Город будущего | страница 55
— Да никак. Идут из рук вон плохо! — откликнулся старый преподаватель. — В моем классе риторики осталось всего три ученика! Полный упадок! Нас распустят, и правильно сделают!
— Вас уволят! — воскликнул Мишель.
— А что, об этом уже поговаривают? — спросил Югнэн.
— Да, безусловно, — откликнулся Ришло. — Прошел слух, что по решению общего собрания акционеров с тысяча девятьсот шестьдесят второго года все кафедры словесности упраздняются.
«Что станет с ними?» — подумал Мишель, глядя на девушку.
— Не могу поверить, — проговорил, нахмурившись, дядюшка Югнэн, — они не посмеют!
— Посмеют, — отозвался Ришло, — и это к лучшему! Кого нынче интересуют греческий и латынь, годные лишь на то, чтобы поставлять корни для новых научных терминов! Ученики больше не понимают эти чудесные языки; тупость подрастающего поколения мне отвратительна, я просто прихожу в отчаяние!
— Не может быть, что в вашем классе осталось всего три ученика! — воскликнул юный Дюфренуа.
— Да, три, и те лишние! — в сердцах проговорил Ришло.
— К тому же они бездельники, — добавил Югнэн.
— Первостатейные лентяи, — отозвался господин Ришло. — Подумать только, недавно один из них перевел: jus divinum как jus divin![146]
— Божественный сок! — воскликнул дядюшка. — Да это готовый поклонник Бахуса![147]
— Ну а вчера! Только вчера! Horresco referens,[148] догадайтесь, если только сможете, как другой ученик перевел стих из четвертой песни «Георгик»: «Immanis pecoris custos…»[149]
— Мне кажется… — промолвил Мишель.
— Я сгораю от стыда, — перебил его Ришло.
— Подождите, — вмешался Югнэн, — сначала скажите, как переведен этот пассаж в году от Рождества Христова тысяча девятьсот шестьдесят первом?
— «Надзиратель ужасающей дуры», — выдавил из себя старый преподаватель, закрыв лицо руками.
Дядюшка Югнэн не смог удержаться и громко расхохотался.

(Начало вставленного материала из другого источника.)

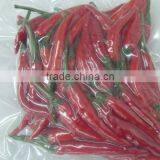 Frozen Red Chili/ Pepper - High Quality From Vietnam (with Stem) thumbnail-1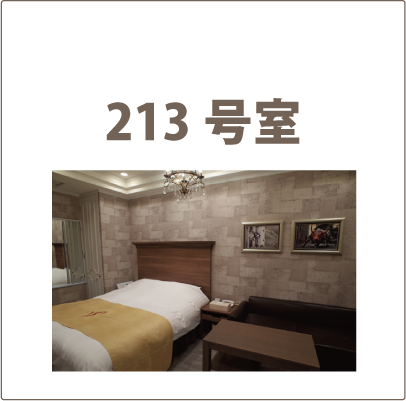 213号室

Люси отвернулась, чтобы скрыть невольную улыбку. Мишель печально глядел на нее, а смущенный Ришло не знал, куда деваться от стыда.

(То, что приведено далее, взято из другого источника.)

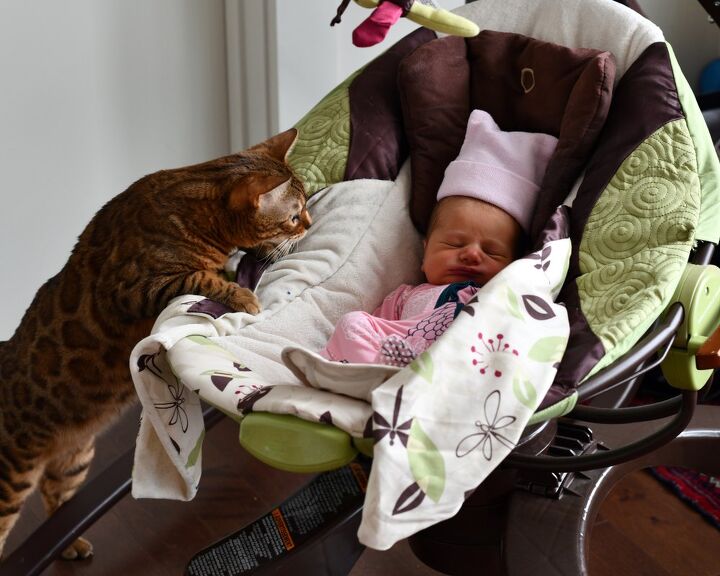 how to introduce your cat to your baby, JoeSAPhotos Shutterstock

— О, Вергилий! — воскликнул дядюшка Югнэн. — Мог ли ты представить себе что-либо подобное?
— Теперь вам ясно, друзья мои, — вмешался Ришло, — уж лучше не переводить вовсе, чем переводить так! Да еще в классе риторики! Нас распустят — и правильно сделают!
— Но что тогда будет с вами? — спросил Мишель.

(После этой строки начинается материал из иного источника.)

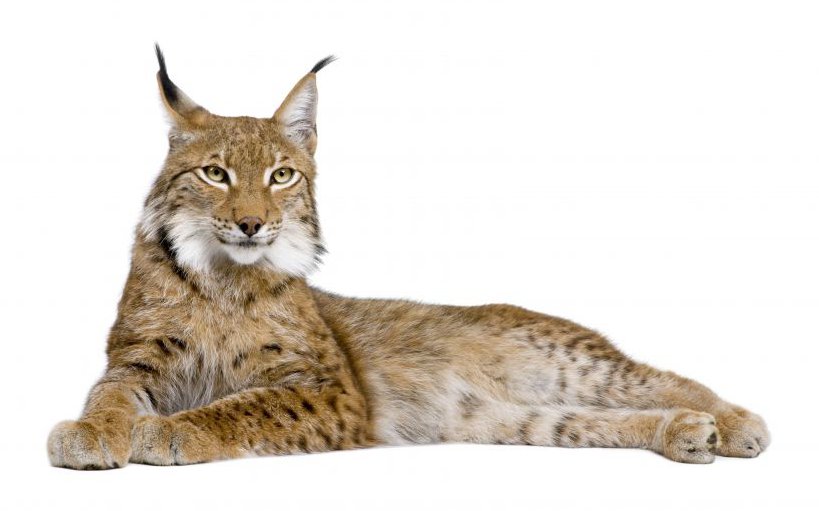 wildNET lynx server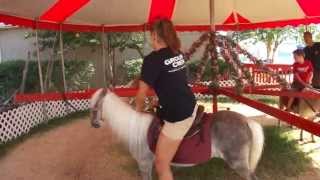 Marisa & Caitlin Harrass Some Ponies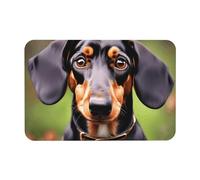 kurue Dachshund Weiner Tapis de bain antidérapant en caoutchouc absorbant Motif chiens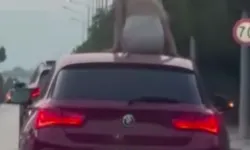 Çeşme’de trafikte tehlikeli dans!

— А это, друг мой, уже другой вопрос, но не сейчас же нам решать его! Мы собрались здесь, чтобы приятно провести время…
— Тогда давайте обедать, — предложил хозяин.
Пока накрывали на стол, Мишель вел с мадемуазель Люси милую и незатейливую беседу, полную очаровательных глупостей, за которыми иногда проглядывала подлинная мысль. В свои шестнадцать лет мадемуазель Люси была вправе считать себя более взрослой, чем Мишель в свои девятнадцать, но показывать это не стремилась. Однако тревога за будущее, омрачавшая ее чистое личико, придавала серьезность всему ее облику. Она беспокойно поглядывала на дедушку Ришло — в нем заключалась вся ее жизнь.